Generalized Multiple Correlation Coefficient as a Similarity Measurements between Trajectories
This addresses a specific problem in fields like human-robot interaction and imitation learning by providing a more robust similarity measure, though it is incremental as it builds on existing correlation concepts.
The paper tackled the lack of a trajectory similarity metric invariant to all linear transformations and robust to noise, proposing the Generalized Multiple Correlation Coefficient (GMCC) as a solution that achieves invariance and is applied in imitation learning for clustering robot trajectories.

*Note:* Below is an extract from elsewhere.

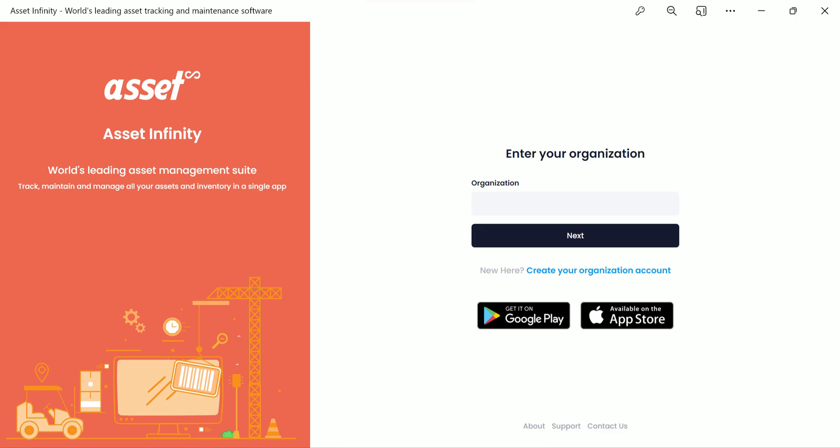Welcome to today's session on how to use AssetInfinity for managing assets seamlessly. To log in, first enter your organization name and click Next. We've used a test ID for demonstration purposes.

Similarity distance measure between two trajectories is an essential tool to understand patterns in motion, for example, in Human-Robot Interaction or Imitation Learning. The problem has been faced in many fields, from Signal Processing, Probabilistic Theory field, Topology field or Statistics field.Anyway, up to now, none of the trajectory similarity measurements metrics are invariant to all possible linear transformation of the trajectories (rotation, scaling, reflection, shear mapping or squeeze mapping). Also not all of them are robust in front of noisy signals or fast enough for real-time trajectory classification. To overcome this limitation this paper proposes a similarity distance metric that will remain invariant in front of any possible linear transformation.Based on Pearson Correlation Coefficient and the Coefficient of Determination, our similarity metric, the Generalized Multiple Correlation Coefficient (GMCC) is presented like the natural extension of the Multiple Correlation Coefficient. The motivation of this paper is two fold. First, to introduce a new correlation metric that presents the best properties to compute similarities between trajectories invariant to linear transformations and compare it with some state of the art similarity distances.Second, to present a natural way of integrating the similarity metric in an Imitation Learning scenario for clustering robot trajectories.